TASK INSTRUCTIONS.
Having found the line containing "Las más bellas flores" in the records below, copy that line and each later one exactly, dropping pictures.

DATA PROVIDED.
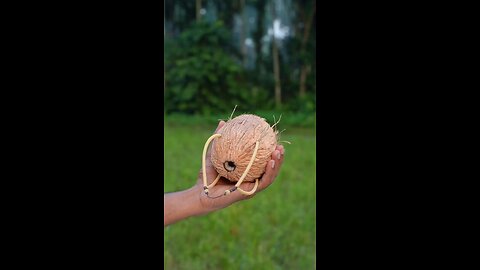 Coconuts Made Toys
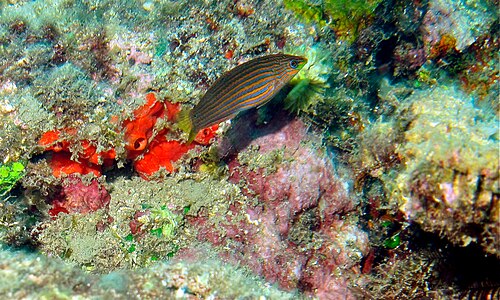 A photo of a Melanurus Wrasse
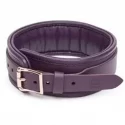 Fsog leather collar & lead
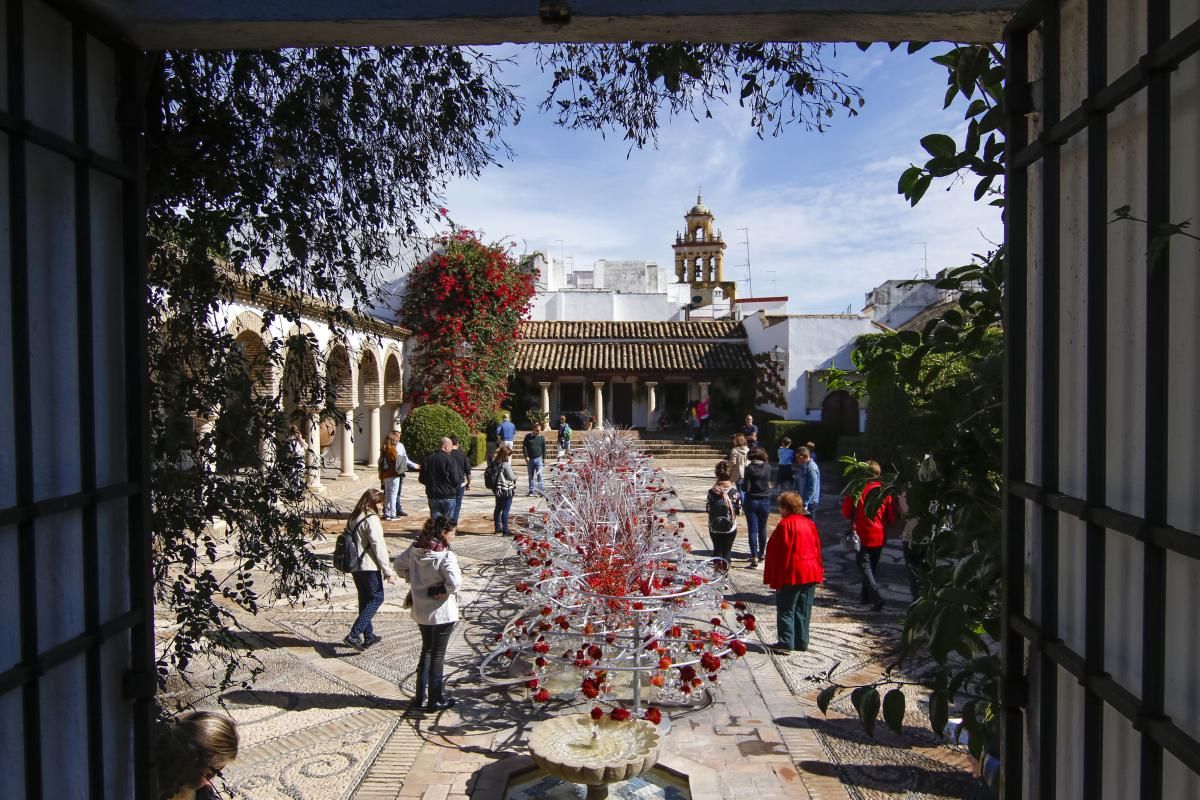 Las más bellas flores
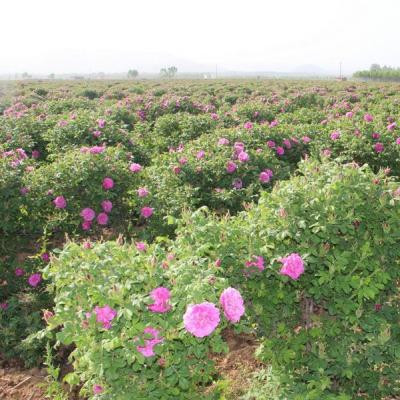 平阴玫瑰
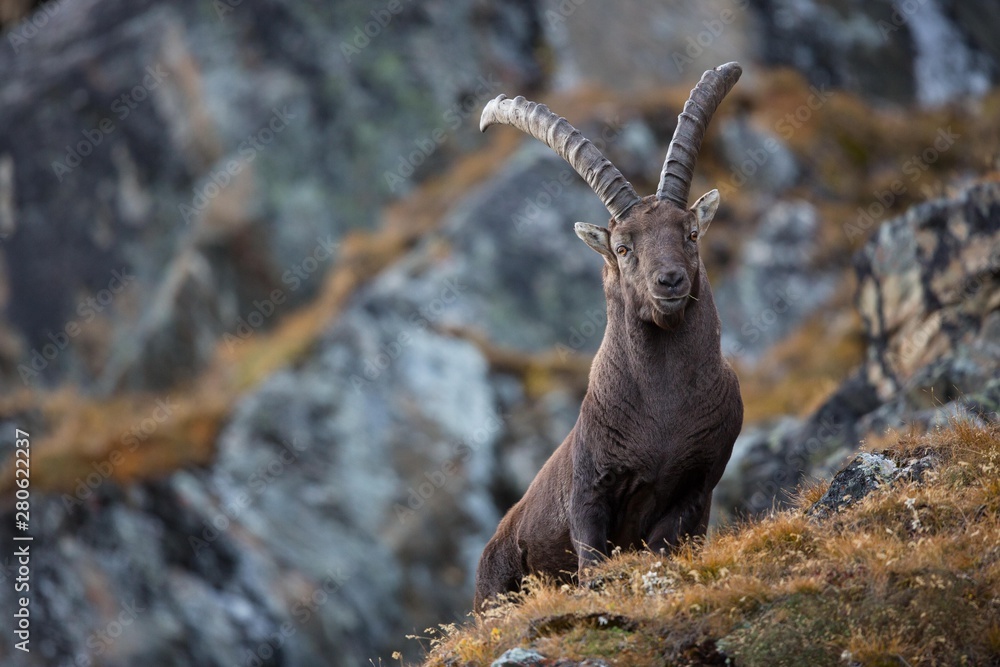 Alpine Ibex (Capra ibex), Stubai Valley, Tyrol, Austria, Europe Alpine Ibex (Capra ibex), Stubai Valley, Tyrol, Austria, Europe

EXERCISE OUTPUT.
 Las más bellas flores
 平阴玫瑰
 Alpine Ibex (Capra ibex), Stubai Valley, Tyrol, Austria, Europe Alpine Ibex (Capra ibex), Stubai Valley, Tyrol, Austria, Europe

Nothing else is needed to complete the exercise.